▶ [Task to carry out]:
The required answer is the data below, restated word for word with images omitted.
[[ Dataset content, beginning ]]
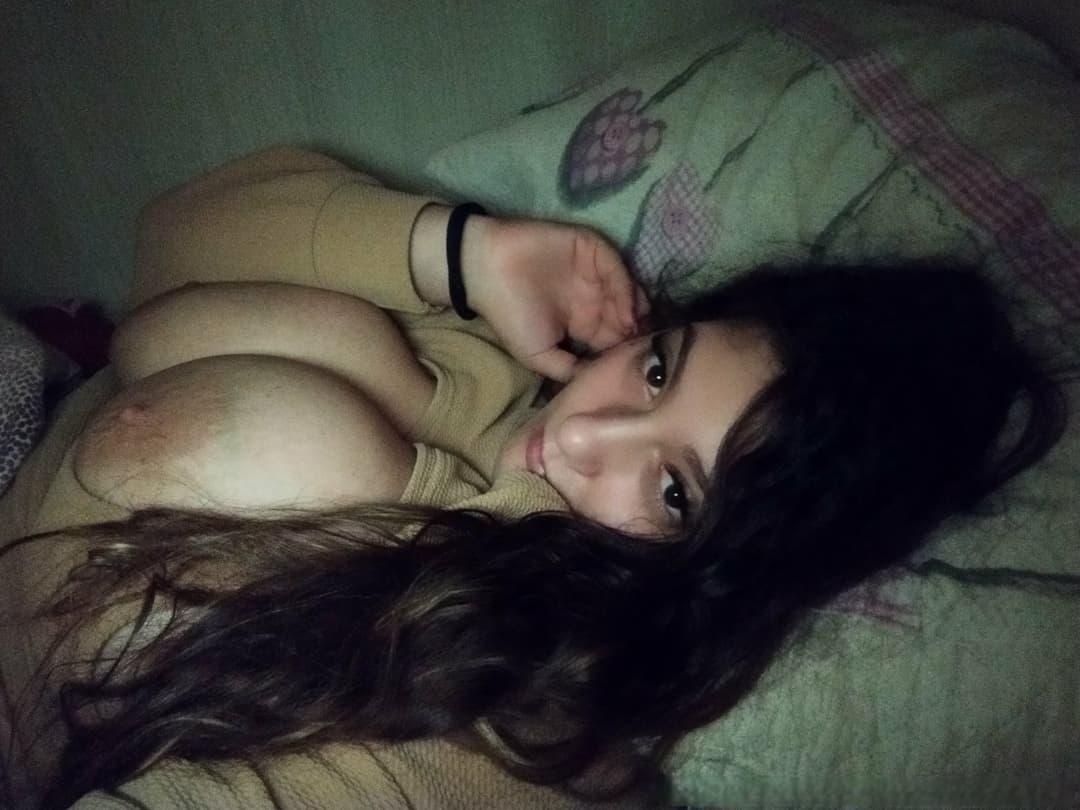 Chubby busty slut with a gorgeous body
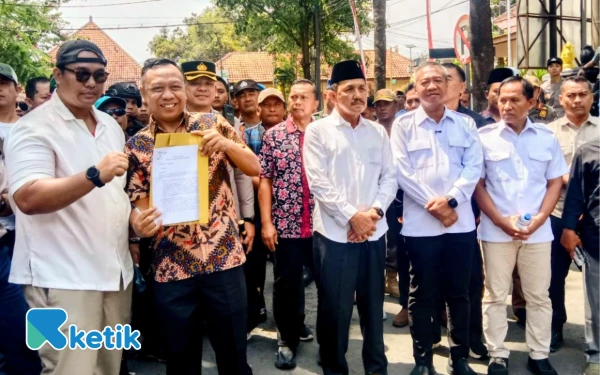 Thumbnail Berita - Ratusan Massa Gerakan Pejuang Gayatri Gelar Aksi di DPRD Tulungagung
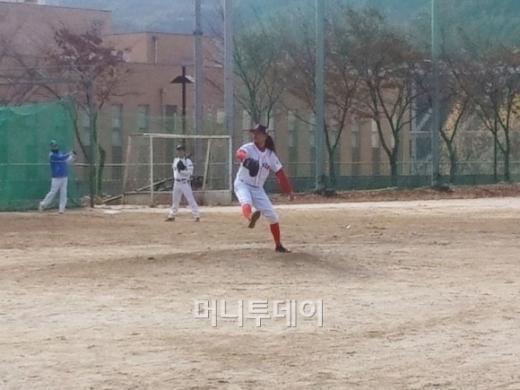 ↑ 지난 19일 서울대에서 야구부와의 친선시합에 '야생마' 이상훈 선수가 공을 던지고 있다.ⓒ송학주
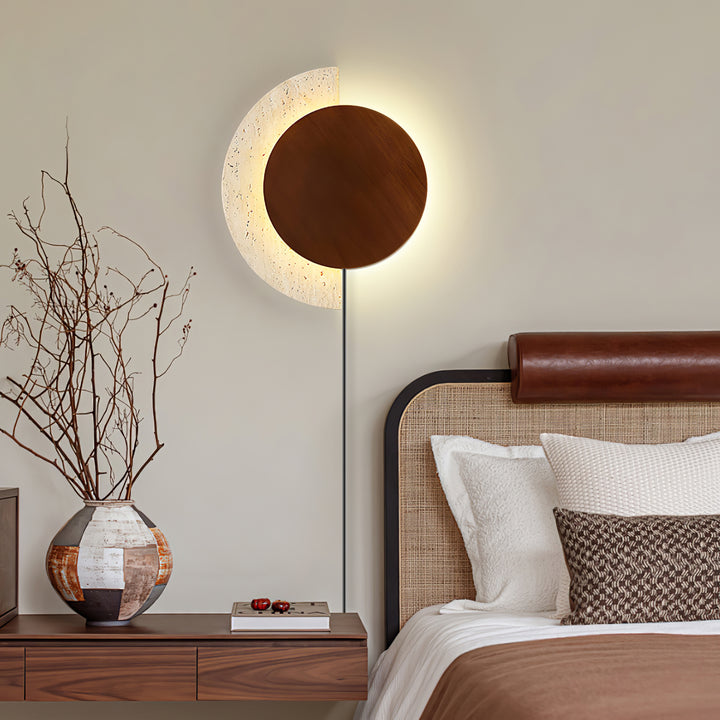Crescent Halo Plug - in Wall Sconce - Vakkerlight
[[ Dataset content, end ]]
▶ [Response below]:
 Chubby busty slut with a gorgeous body
 Thumbnail Berita - Ratusan Massa Gerakan Pejuang Gayatri Gelar Aksi di DPRD Tulungagung
 ↑ 지난 19일 서울대에서 야구부와의 친선시합에 '야생마' 이상훈 선수가 공을 던지고 있다.ⓒ송학주
Crescent Halo Plug - in Wall Sconce - Vakkerlight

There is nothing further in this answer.